__WHAT IS EXPECTED__:
Please reproduce all of the data exactly as it appears, but skip the pictures.

__DATASET EXTRACT__:
· · ·

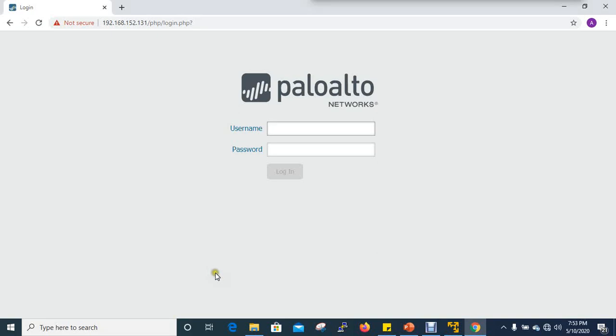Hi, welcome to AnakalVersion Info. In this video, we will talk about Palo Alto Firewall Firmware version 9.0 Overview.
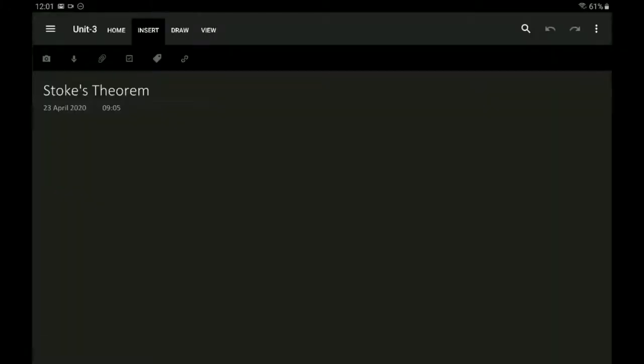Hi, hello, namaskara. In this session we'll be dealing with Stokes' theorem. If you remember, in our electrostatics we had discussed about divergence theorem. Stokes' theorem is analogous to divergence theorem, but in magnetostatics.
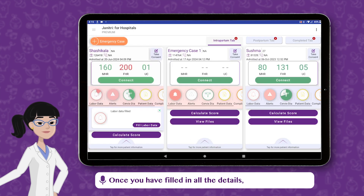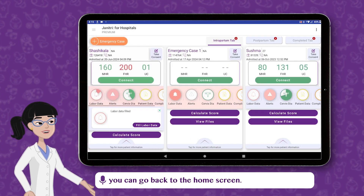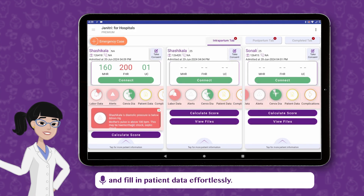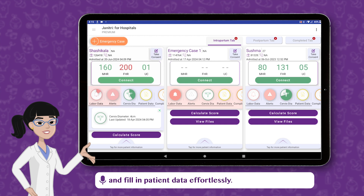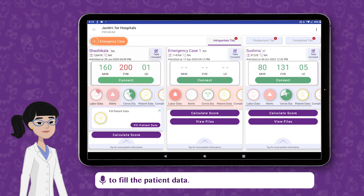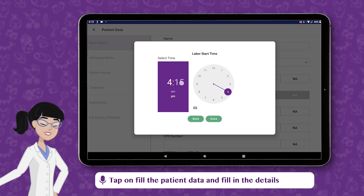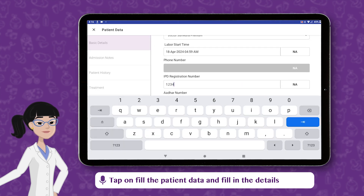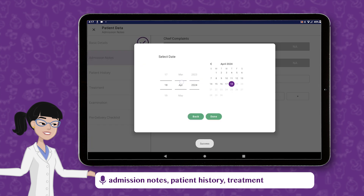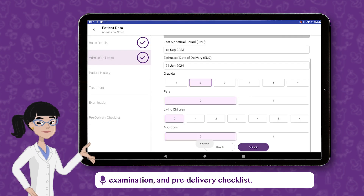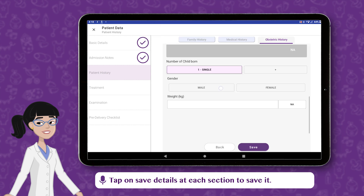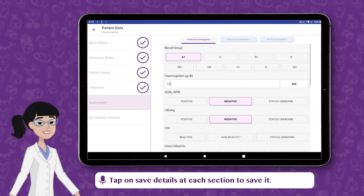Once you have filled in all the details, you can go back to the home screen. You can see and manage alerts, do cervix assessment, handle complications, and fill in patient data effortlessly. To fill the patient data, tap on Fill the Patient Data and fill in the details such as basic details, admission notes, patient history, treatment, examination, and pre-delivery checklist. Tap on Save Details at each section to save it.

· · ·

__SOLVED EXERCISE__:
Hi, welcome to AnakalVersion Info. In this video, we will talk about Palo Alto Firewall Firmware version 9.0 Overview.
Hi, hello, namaskara. In this session we'll be dealing with Stokes' theorem. If you remember, in our electrostatics we had discussed about divergence theorem. Stokes' theorem is analogous to divergence theorem, but in magnetostatics.
Once you have filled in all the details, you can go back to the home screen. You can see and manage alerts, do cervix assessment, handle complications, and fill in patient data effortlessly. To fill the patient data, tap on Fill the Patient Data and fill in the details such as basic details, admission notes, patient history, treatment, examination, and pre-delivery checklist. Tap on Save Details at each section to save it.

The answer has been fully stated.